7 Throughout the paper ‘I’ is used to describe the work and decisions undertaken by the author. This however was a collaborative project overseen by Professor Andrew Church with Dr. Kirsty Smallbone assisting in the data cleaning and analysis. This paper is based on my reflections on the research process, however where I use the term ‘we’ I am describing the academic team involved in the research.
8 This project from its outset could be seen as re-inscribing a particular form of homonormativity one that was validated by state bodies such as the Visitor and Convention Bureau and a powerful lesbian and gay (as it was then, now LGBT) organisation in Brighton and Hove, Pride. Yet, as the final section briefly addresses, there were ‘queer moments’ throughout the project.
9 This process was undertaken by the academic researchers.

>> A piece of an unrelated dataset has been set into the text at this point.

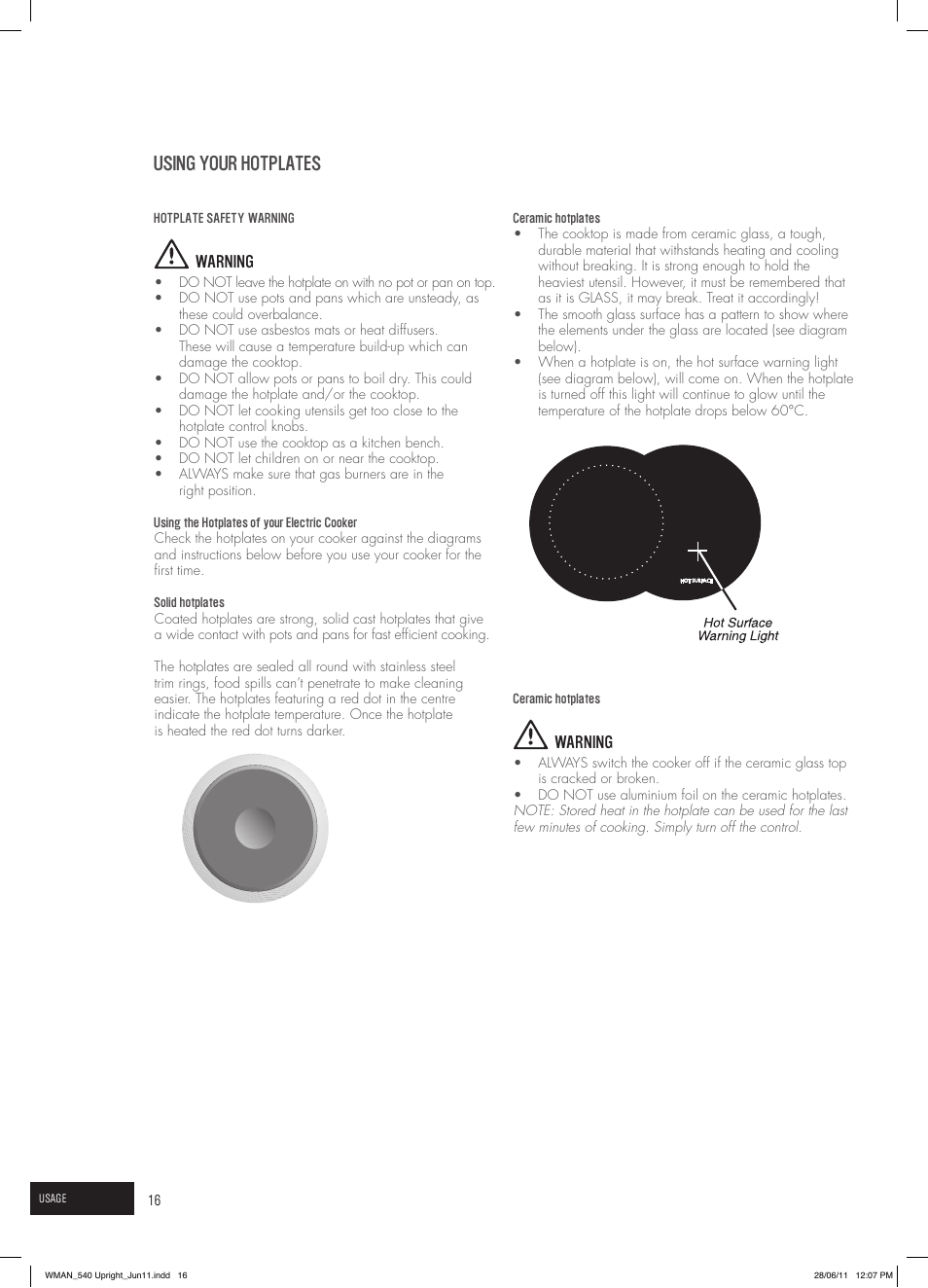 Using your hotplates | Westinghouse GEK1385W User Manual | Page 16 / 28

10 There is of course interesting work yet to be done on the research tools as non-human actants in the research process. This would draw on recent theorisations which explores and contests the human/non-human divide in the construction of everyday spaces and lives (see for example Anderson, 2004; Murdoch, 1997; Thrift, 2003).

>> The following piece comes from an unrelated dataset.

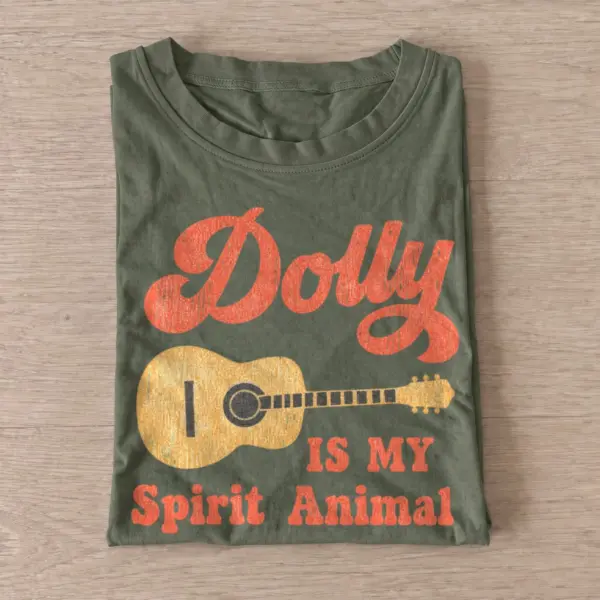 Dolly is my spirit animal country guitar t shirt olive20guitar country spirit.webp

13 Perhaps there is a need to distinguish between progressing lesbian and gay agendas, and queering normative societies. The former project is increasingly critiqued by the latter for (re)iterating heterosexual norms, most recently around issues of ‘gay marriage’ (see for example, Auchmuty, 2004; Davis, 2005; Donovan, 2004; Halberstam, 2004). Yet in this impasse is the potential for multiplicities and diverse engagements that do not seek to fix, refine or create permanency. This discussion is beyond the scope of this paper.